The ships have been classed by Lloyd’s Register of Shipping, with a design complying with LR’s Ice-Class and Winterisation Rules for operation under harsh Arctic conditions, and the ShipRight FDA plus notation for a 40-year North Atlantic fatigue assessment. The ships have been constructed in accordance with ShipRight construction monitoring procedures, and built to LR’s environmental protection ‘ECO’ notation including an inventory of hazardous materials. The new ships use LR’s trim optimisation technology for operational best practice and potential for fuel savings. The bridge design complies with LR’s NAV1 notation, for safe periodic operation under a single watchkeeper, and with IBS requirements for centralised monitoring and control of navigational functions. The engine room arrangements conform with LR’s integrated computer control notation. Accommodation is designed and built in accordance with latest MLC 2006 requirements, and the ships have been enlisted in LR’s ship emergency response service (SERS).

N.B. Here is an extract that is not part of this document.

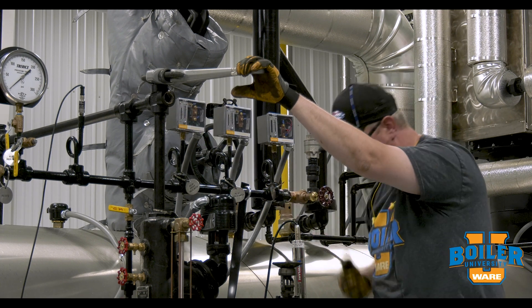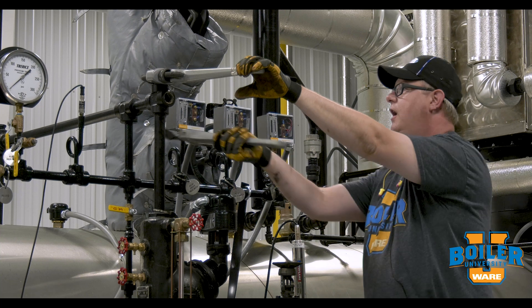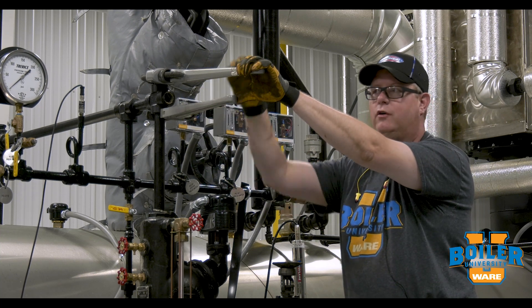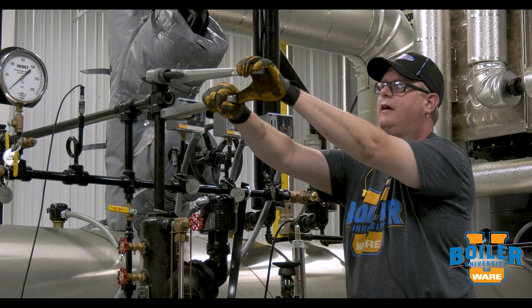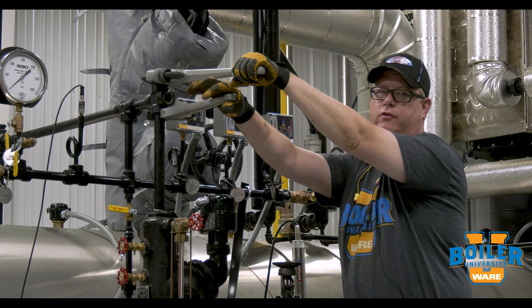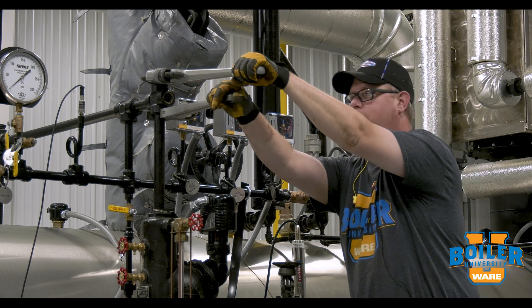So we want to use what we call a backup wrench, and that's simply another wrench facing the opposite direction on the same fitting. So instead of pulling and leaning back, I can push and pull at the same time, which is going to give me better force and it's not going to wiggle while I'm pulling on it.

Jose Navarro, gas technology principal specialist, Lloyd’s Register, said: "It is a great honour to have been chosen to class the lead ships in this project - a continuation of our strong relationship with Dynagas and a milestone for Hyundai Heavy Industries. We have worked closely with HHI in supporting and helping enable the technological development required in these ships. A key achievement was implementing a fully automated bonding system for the cargo containment system’s secondary barrier which was achieved using polyurethane glue. In addition, the primary barrier has been reinforced with ribs and wedges to enhance its sloshing resistance."